History of Antibody Drug Conjugates
The development history of ADCs is full of trials and challenges. In 2001, Pfizer and Wyeth's drug Gemtuzumab ozogamicin (trade name: Mylotarg) was approved. However, after several years of evaluation, it was finally withdrawn by the FDA in 2010 due to lack of benefits and significant toxicity. It was not re-marketed until 2017. Subsequently, a series of other ADCs were approved by the FDA, including Brentuximab vedotin and Trastuzumab emtansine.
Composition of ADCs
The core components of every antibody drug conjugate include three parts: antibody, cytotoxic agent and linker. Antibodies are mainly used to locate cancer cells, and cytotoxic agents give the desired therapeutic response. The role of linkers is to attach the toxic agents to the antibodies and keep them stable in the circulation. The cytotoxic agents are only released in the target cells. This exquisite design improves the safety and efficacy of ADCs.
The key roles of cytotoxic agents and linking agents
The selection of cytotoxic agents is crucial to the efficacy of ADCs, and many cytotoxic agents are derived from natural products. The stability and design of the linker affect whether the release of cytotoxic agents can be precise and appropriate. Recent studies have shown that some linkers can be cleaved within tumor cells, releasing toxic agents while effectively attacking neighboring cells. This phenomenon is called "bystander killing."
"The stable linker ensures that the cytotoxic agent is not released prematurely before reaching the tumor cells, thereby improving the safety of the treatment."

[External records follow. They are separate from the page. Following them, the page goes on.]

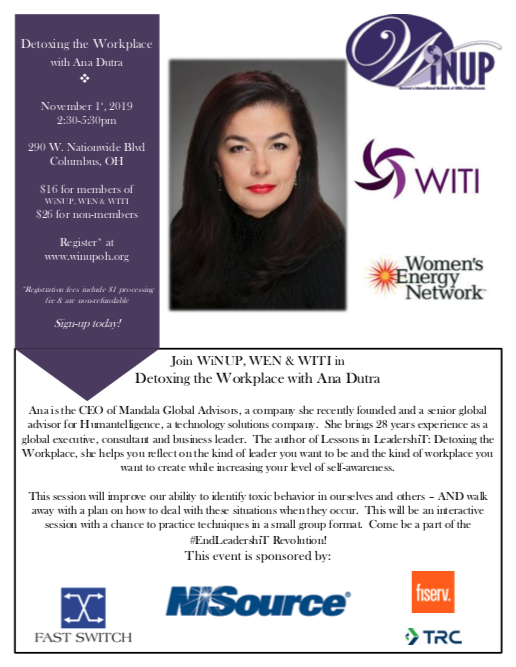 WITI_Columbus's tweet photo. Join WiNUP, WEN & WITI in Detoxing the Workplace with Ana Dutra!
#EndLeadershIT #witi #witicolumbus #wen #winup #womenintechnology #womenintech #leadership #workshop #professionaldevelopment #nisource https://t.co/Mxzq0eZcPw https://t.co/9Hi2QbXHlc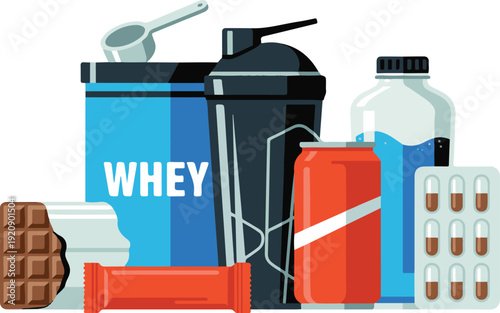 Sports Nutrition Supplements and Protein Products Set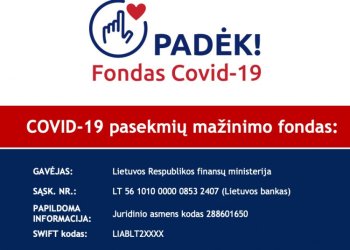 Į naują koronaviruso fondą kviečiamos aukoti įmonės ir gyventojai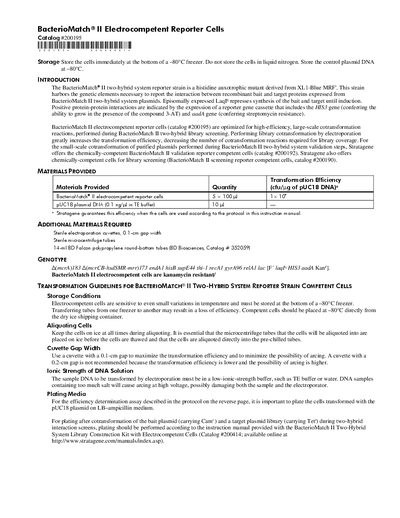 STRATAGENE BacterioMatch II Electrocompetent Reporter Cells - cover page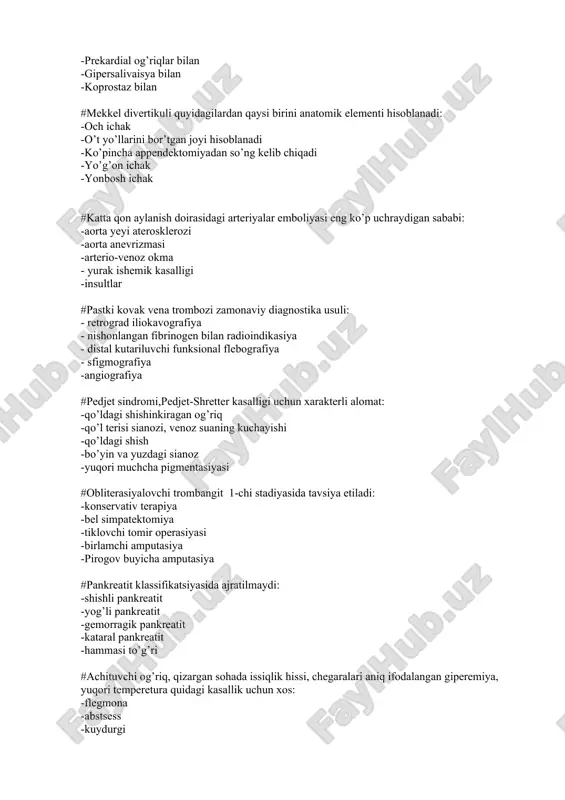 ya #pankreatit klassifikatsiyasida ajratilmaydi: -shishli pankreatit -yog’li pankreatit -gemorragik pankreatit -kataral pankreatit -hammasi to’g’ri #achituvchi og’riq, qizargan sohada issiqlik hissi, chegaralari aniq ifodalangan giperemiya, yuqori temperetura quidagi kasallik uchun xos: -flegmona -abstsess -kuydurgi -saramas -to’g’ri javob yo’q #qattiq, azoblovchi,lo’qillovchi, tunda va oyoqni pastga osiltirganda kuchayuvchi barmoqdagi og’riq, qaysi kasallik uchun xos: -saramas -reyno kasalligi -teri osti panaritsiyasida -teri panaritsiyasida -to’g’ri javob yo’q #bemor bo’yin orqa sohasida qirmizi-qizg’sh rangli, ellakka o’xshash ko’plab yiringli nuqtachalarga ega hosila aniqlanadi. analiz natijalari: qondagi qand 12 mmol/l. leyk: 11,0 min- echt: 20 mm/- bemorda qanday kasallik mavjud: -kuydurgi -flegmona -furunkul -karbunkul -to’g’ri javob yo’q #o’tkir mastit seroz bosqichida qo’llanilmaydi: -sut dimlanishini oldini olish -antibacterial davo -ultratovush terapiyasi -kesma qilish -to’g’ri javob yo’q #appendektomiyadan keyingi duglas bushligi abssessi xarakterli belgilari: -yo’tal -qabziyat -gektik isitma -tug’ri ichak orqa devori osilishi -bergman simptomi #chuvalchangsimon o’simtaning atipik joylashuv asosiy shakllarini ko’rsating (noto’g’ri javobni ko’rsating): -retrosekal -chanoqda -jigar osti -oshqozon …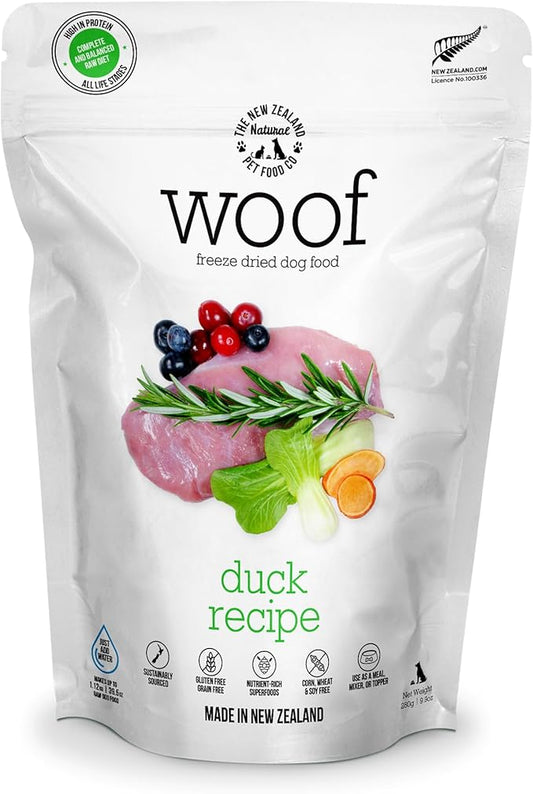 WOOF Duck Freeze Dried Raw Dog Food, Mixer, or Topper, or Treat - High Protein, Natural, Limited Ingredient Recipe - 9.9 Ounce (Pack of 1)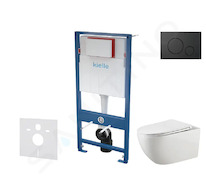 kielle Genesis - Set předstěnové instalace, klozetu Gaia, sedátka softclose a tlačítka Gemini IV, matná černá 30505SS51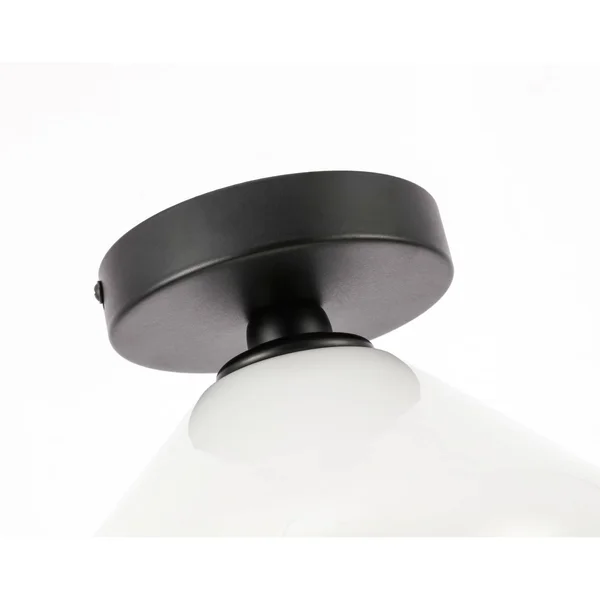 Elegant LD2255C Gene 1 Light Chrome and Frosted White Glass Flush Mount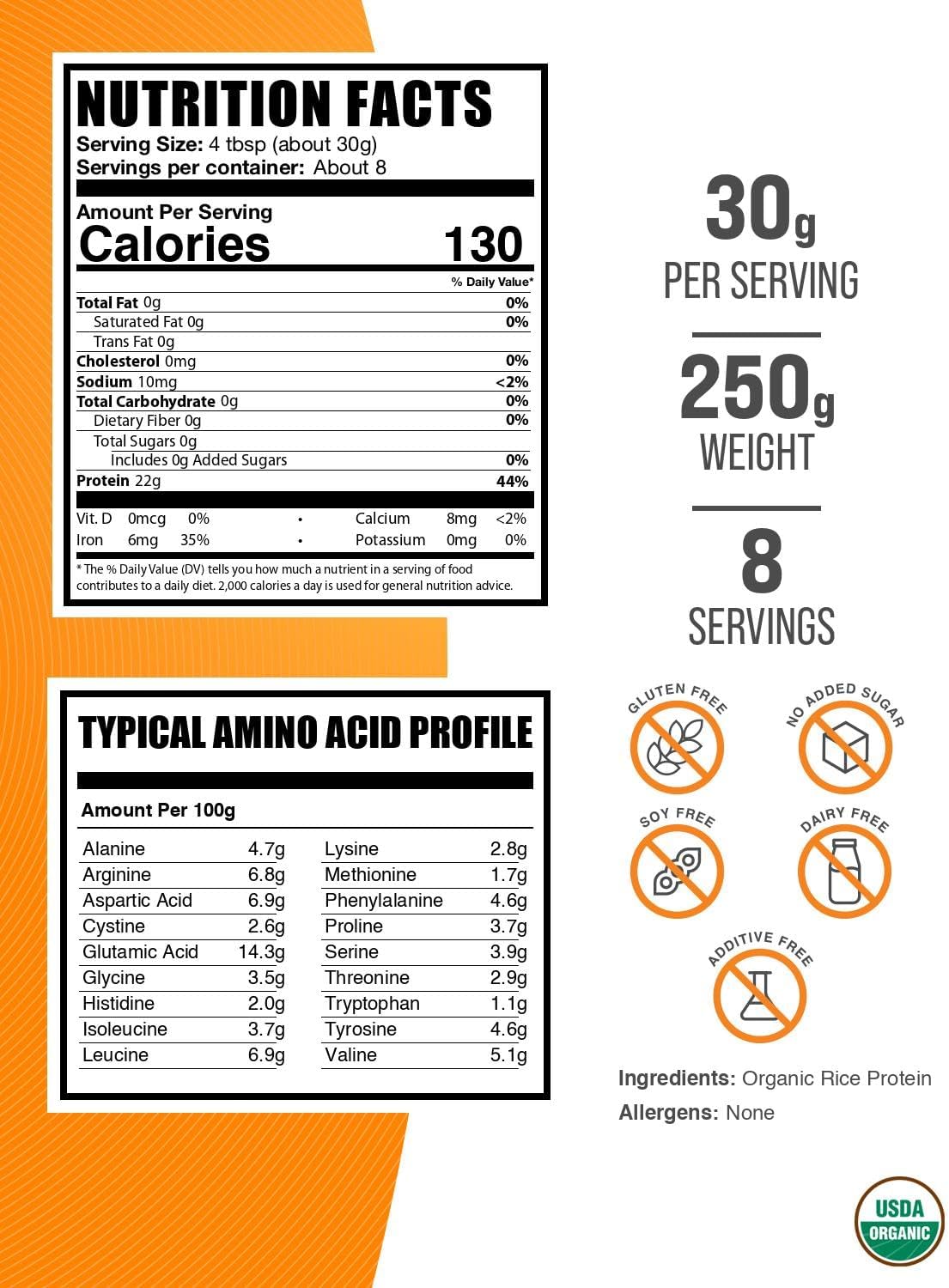 BulkSupplements.com Organic Rice Protein Powder - Vegan Plant Protein, Unflavored - Vegan & Gluten Free, 30g per Serving, 250g (8.8 oz) (Pack of 1) image 2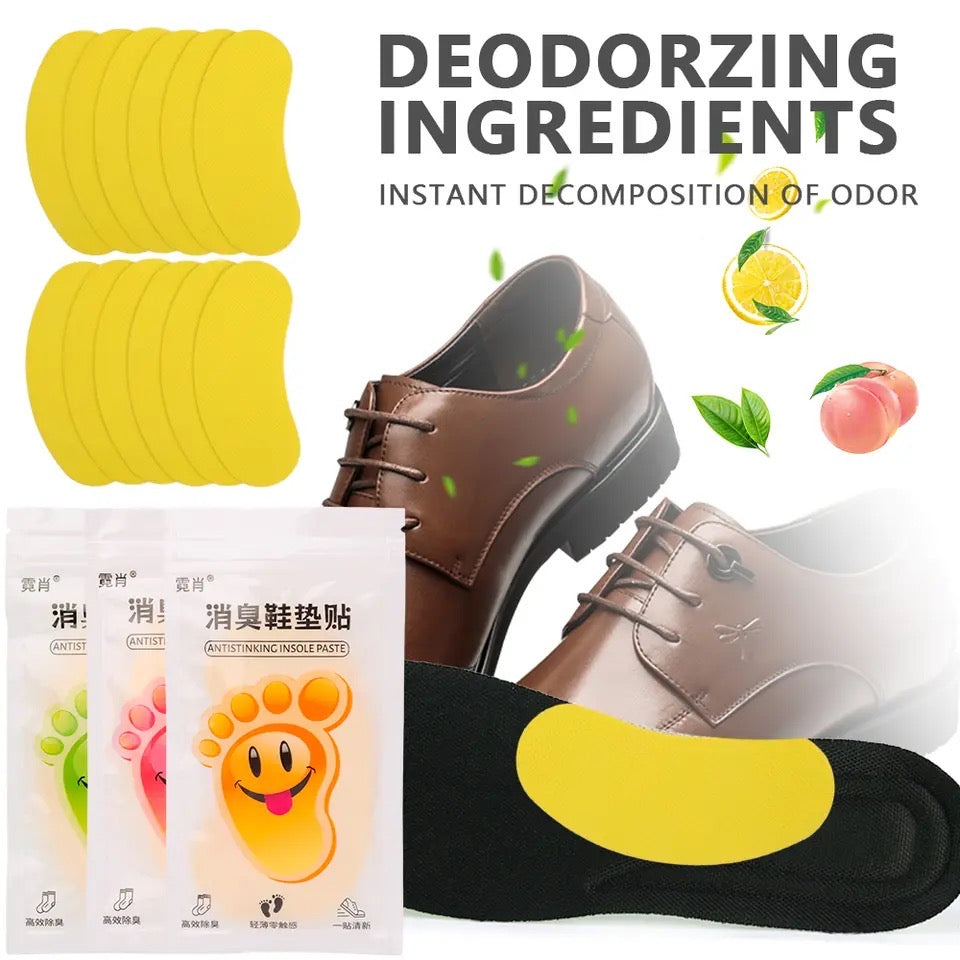 Set Of 10 Shoe Deo Sticker, Foot Sweat Absorption Insoles, Universal Shoe Deodorant Patch, Footwear Stink Antibacterial Removal, Freshness Sticker Foot Care, No More Smelly Shoes or Stinky Feet for Men and Women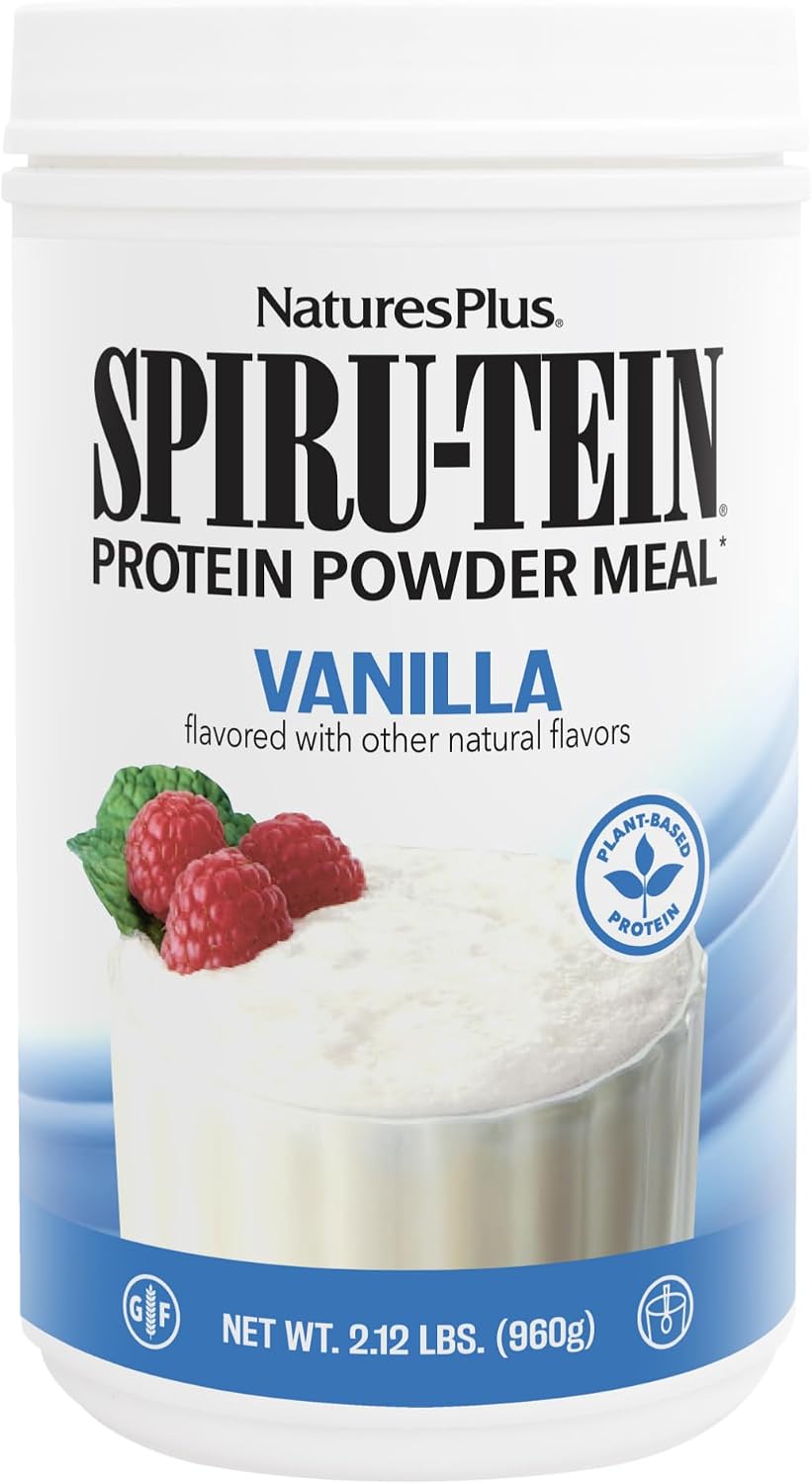 NaturesPlus SPIRU-TEIN, Vanilla - 1.06 lbs - Spirulina Protein Powder - Vitamins & Minerals for Energy - Vegetarian, Gluten Free - 16 Servings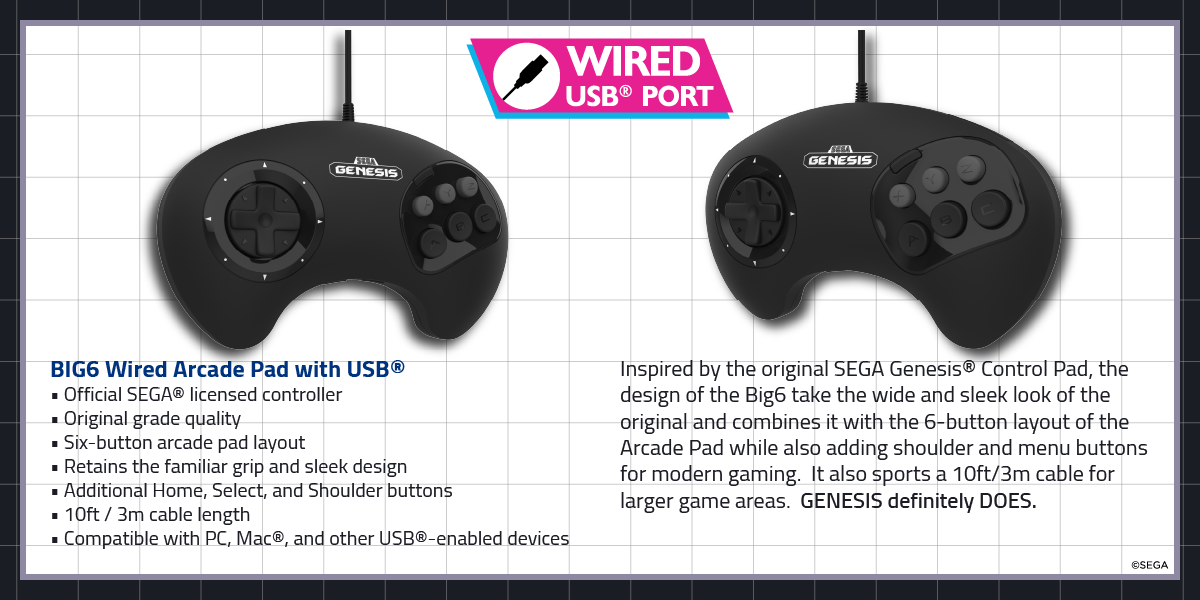 SEGA Genesis BIG6 Arcade Pad - Wired USB Port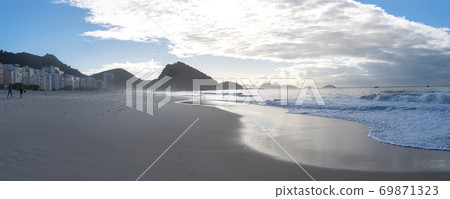 deserted Copacabana beach during the Coronavirus Infection (COVID-19) pandemic. deserted Copacabana beach during the Coronavirus Infection (COVID-19) pandemic. 69871323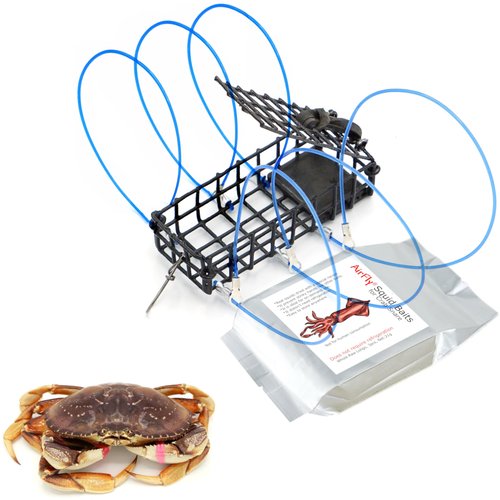 AirFly Heavy Surf 6-Loop Crab Trap for Fishing Poles – Lead-Free, USA-Made, Premium Durable Loops – Ideal for Dungeness, Blue, Rock Crabs – Includes Bait & Reserve Loops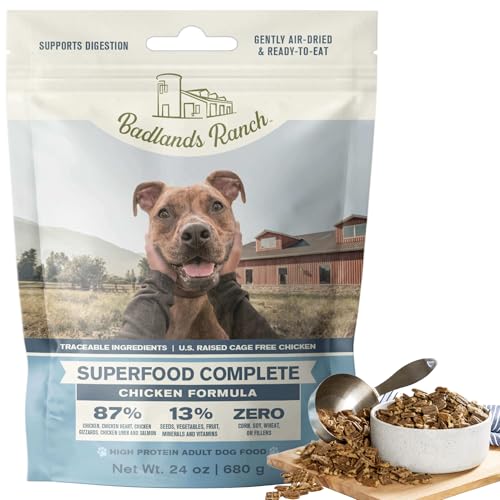 Superfood Complete, Air-Dried Adult Dog Food - High Protein, Zero Fillers, Superfood Nutrition by Katherine Heigl (24 oz., Premium Chicken)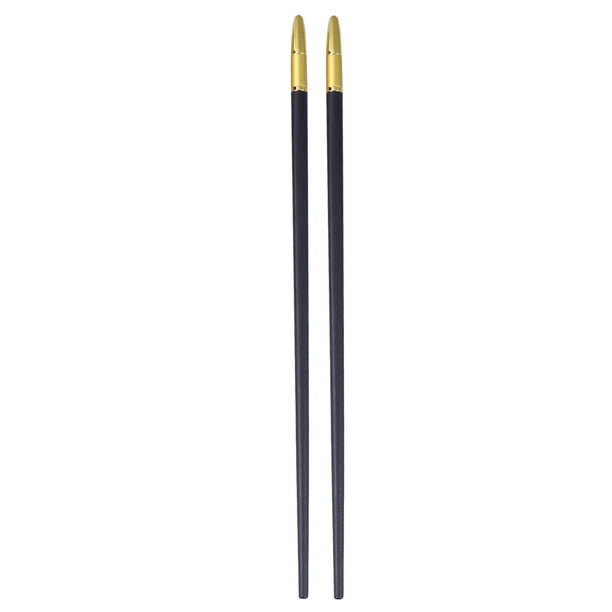 par de palillos chinos antibacterianos de iones de plata resistentes a altas temperaturas para uso doméstico (negros y dorados)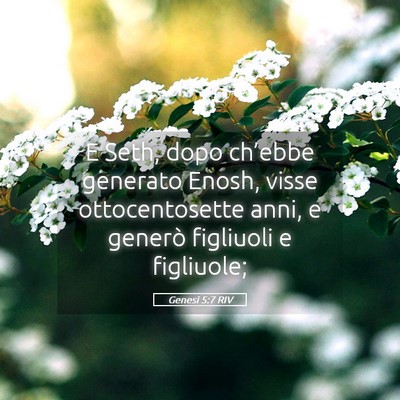 Picture 05 - Genesi 5:7 RIV - E Seth, dopo ch’ebbe generato Enosh, visse - Bible Verse Picture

Current and future research directions
With the development of the field of antibody drug conjugates, designers are constantly seeking new combination models of improved linkage technology and cytotoxic agents. Researchers are even exploring the use of unnatural amino acids to provide more precise binding of drugs to antibodies. This specific combination of technologies allows researchers to produce uniform ADCs with improved efficacy and safety.
Conclusion
The development process of antibody drug conjugates is the epitome of the continuous progress of medical science. With the innovation of new technologies, the application of ADCs is no longer limited to the field of oncology. Looking forward to the future, if we can unravel the secrets behind these complex mechanisms, we may be able to gain a deeper understanding of cancer treatment and develop more precise treatment options. So, where will drug treatments develop in the future?